– Appaltopoli, si torna in aula.
L’anno giudiziario viterbese riparte con la maxi operazione della forestale: 26 presunte gare truccate tra Viterbo e provincia per un totale di dodici milioni di euro.
Appalti a pochi privilegiati. Una ristretta cerchia di imprenditori che, per i pm Fabrizio Tucci e Stefano D’Arma, si sarebbero spartiti le gare disponibili con la complicità dei funzionari del Genio civile Roberto Lanzi e Gabriela Annesi.
Da qui, il nome del blitz “Genio e sregolatezza”, che tra l’ottobre e il novembre dell’anno scorso fece finire in arresto 13 persone tra imprenditori, i due funzionari del Genio e i due amministratori Adriano Santori e Luciano Cardoni, sindaco e assessore al Comune di Graffignano.
A processo vanno in otto: funzionari, amministratori e gli imprenditori Fabrizio Giraldo, Luca Amedeo Girotti, Angelo Anselmi e Giuliano Bilancini.
Patteggiamento imminente per i colleghi Roberto Tomassetti, Gianfranco e Daniela Chiavarino.
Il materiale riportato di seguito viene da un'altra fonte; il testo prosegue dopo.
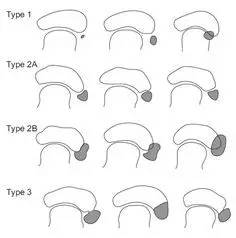 踝关节疼痛病因病机,踝关节伤病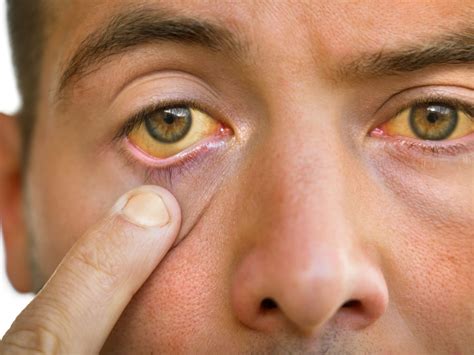 High Cholesterol Symptoms: These 7 Signs In Eyes Can Tell If You Have High Cholesterol ...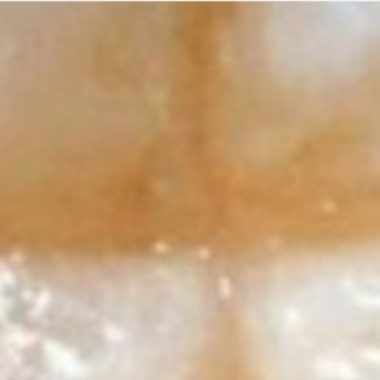 natural dental health prevent cavities with a balanced diet and smart food choices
All’appello mancano Marcello Rossi e Stefano Nicolai, entrambi titolari di imprese edili del Viterbese: per loro furono da subito arresti domiciliari, ma la loro posizione è ancora in bilico tra archiviazione e richiesta di rinvio a giudizio.
Imprevedibile l’udienza di oggi. Dopo i due rinvii precedenti, il problema di incompatibilità dei giudici sembra essere risolto. A formare il collegio saranno Eugenio Turco, il got (giudice onorario di tribunale) Filippo Nisi e il giudice civile Cesare Trapuzzano, delle ex sezioni distaccate di Civita e Montefiascone.
Le difese promettono una valanga di questioni da sollevare. Sicuramente sulla scelta dei pm di processare gli otto con rito immediato. Ma anche sulla proroga delle indagini e, probabilmente, sulle intercettazioni a carico degli imputati.
Resta, inoltre, aperta la questione dell’avvocato Samuele De Santis, difensore della funzionaria del Genio civile Gabriela Annesi. Il legale, indagato per estorsione, è attualmente sospeso dall’esercizio della professione. La sua cliente, al momento, non avrebbe ancora nominato un avvocato di fiducia. Anche per questo motivo, per qualche difensore l’udienza potrebbe essere a rischio.